Don arrives in Los Angeles too late to see Stephanie, but he's just in time to attend Megan's house party for her acting class, which unfortunately does not include a reprise of "Zou Bisou Bisou." Don looks like a fish out of water until Harry Crane shows up with a lady friend who is definitely not his wife and some information that is definitely not good news: Jim and Lou have been meeting about Philip Morris' Commander Cigarettes account, which would be a victory for the agency but would also require Don's departure — you can't have the guy who wrote a New York Times op-ed about the dangers of tobacco work with a tobacco company. Nothing is quite as pathetic as having Harry Crane promise to ensure Don's importance just one week after he was the butt of jokes about his own irrelevance, but instead of going on a bender to deal with his powerless-ness, Don showed Mad Man fans a glimpse of his old self.
Or perhaps it was the threesome that inspired him. After his drink with Harry, a bummed-out Don returns home, where Megan and her pal Amy are in the mood to cheer him up ("You know what would make you feel better? Drugs!" Amy says in Best-Line-of-the-Episode Contender #3). They're also in the mood for a few other things, too, as demonstrated by what was surely one of the most sexually explicit Mad Men scenes ever, despite how long the clothes stayed on. (Can you imagine the lawyers sitting around debating exactly where Megan is allowed to put her hand?) It's not quite enough to close the distance between them, though — Megan doesn't seem thrilled the next morning when Stephanie calls and Don sounds more interested in talking to her than his own wife.

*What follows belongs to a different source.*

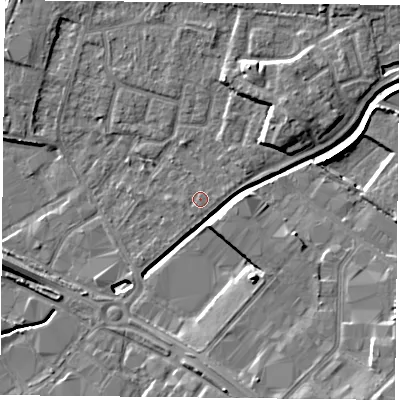 Shaded relief map of the ground around LE49JA, computed from Environment Agency LiDAR. The ground here sits at about 57 m above sea level and falls 11 m across the surrounding 800 m. Surface water reaching this point runs off ground lying to the south, 0.5 m higher.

So Don rushes back to work and crashes the Commander pitch meeting, where he exclusively pitches himself, not the company. Yes, he'll walk away from the agency if that's what it'll take for SC&P to land the account, but why would they choose to go without him when he's willing to grovel and put his years of unparalleled tobacco experience to good use? The risky move seemed in some ways like a continuation of the Don we saw last week, who took Freddy's advice about fighting for your job to heart. But it's a reversion to his old ways, too — he's making the same kind of impulsive, insubordinate decisions that got him suspended in the first place, only it seems to be working this time. "You think this is going to save you, don't you?" Jim Cutler asks at the end of the meeting.
Funny he should ask. If there's one question Mad Men has been exploring all season, it's this: Can Don Draper even be saved?